I’ll do my best to keep this post totally focused on the positives of homeschooling (as I see them). The things that get my heart pitter-pattering at the very thought (as opposed to this post full of my hesitations/misgivings).
Then I may or may not quit talking about it for awhile. It’s wearing me out, frankly.
REASONS TO HOMESCHOOL (not an exhaustive list):
Life Is Short. At least the amount of life I get to spend as a mom to kids who live with me. Livi is 10. In eight years, she could be headed off to college, on her way to getting married, beginning a new family that only marginally includes me and Gabe. I want to soak up these fleeting years with our girlies.
Life is Short, Part 2. Just like I don’t want to spend my days here on earth frittering time away on stuff that isn’t advancing God’s kingdom and bringing him glory, I don’t want my girls to either. Seeking his glory brings ultimate joy, and I desperately want that for all of us.
Flexibility. I can’t count how many times I’ve wished the girls didn’t have school so we could do something/go somewhere. For the zoo trip, I just pulled them out. Six days I think. This year I was good. Until this month.
More Time. My girls are on the bus for 45 minutes in the morning and 45 minutes in the afternoon. They come home from school really tired. I can’t drive them to school, because they go to different schools that start at the same time on opposite sides of town.
More Time for What Matters Most. I was a teacher. I know how hard it is to dedicate big chunks of time to things you care most about. There are so many little things to be done. Some of them seemed pointless, but necessary. Most of them are eliminated when you’re learning at home with Mom.

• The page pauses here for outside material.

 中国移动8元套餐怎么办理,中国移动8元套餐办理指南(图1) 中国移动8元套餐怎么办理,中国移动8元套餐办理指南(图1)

Living Out Our Family Purpose Statement. I’ve almost blogged about this seventy hundred times, but I keep putting it off, because I keep tweaking it. I think it’s almost there. If it’s not, I’ll post it soon anyway, and you can help me tweak it.
Global Awareness. In my ideal school year, we’d learn about the world until our heads fell off. Globes and maps and outreach and missions and travel and reading tons and tons and tons of books about other cultures and people.
Travel. I have big dreams. Taking the Girls’ Zoo Book (not done/published yet) on the road, back to zoos, reunions with friends we met and fell in love with. Cambodia. Kenya. The ends of the earth. You know, places like that.
Perfect Timing. I can’t imagine teaching a child his/her letters and/or how to read. Call me impatient (or worse), but I think I’d stab my eyeballs out. I didn’t teach Livi and Ava (they learned in kindergarten). I didn’t teach Nina (she learned at The School of Livi and Ava).
Some Beautiful Trailblazers. I have some amazing online friends (and a few in real life too) who homeschool. They inspire me to greatness. I admire them for so many reasons not related to homeschooling, but the fact that I’d be in good company makes me sigh and smile.
ESPECIAL (not sure that’s a word) THRILLS:
*Note: I realize that much of this is lofty, dreamy idealism. I’ve lived long enough to know that all the happiness you can imagine rarely plays out according to plan. Humor me, would ya?
Art Walls. My girls love to create art. Livi especially. I dream of clearing space on our walls, applying a fresh coat of a bright color, and letting them pushpin their artwork up until the wall won’t hold anymore.
Uncluttered Home. Ann reminded me that she doesn’t like “stuff” either–just her library card. I feel like we’ve been de-cluttering not to make room for tons of superfluous homeschooling “necessities” but freeing up space to learn and grow and be.
Globes, Maps, Globes. Globes on every shelf, maps on every wall surface (and shower curtain, tablecloth, etc.). In moderation of course (chuckle, chuckle).
Speaking Engagements. I typically speak to a lot of MOPS groups in the fall/winter/spring. I could take my girls with me. If I’m talking about sex, they can sit in another room. Or we could talk about missions or zoo trips together.
Chore-Sharing. I’m not that great of a housekeeper. And I’m even lousier at making my girls help around the house. I see that changing if we homeschool.
Reading, Reading, Reading. I love to read. So do my girls. I thought for awhile there that they weren’t going to like it. Whew. I envision lots and lots of reading. And making a book wall where we put up the titles of all the books we read.
So Much More. But I’m out of time and space.
THE BOTTOM LINE: As sweet Ann reminded me, “Only head this way — if God’s really calling. He calls other good and right ways too.” If God isn’t calling our family to do this, then none of this matters. May our ears, eyes, hearts, and hands be open to his perfect plan. (totally wasn’t trying to rhyme, but clearly I have missed my calling as a poet).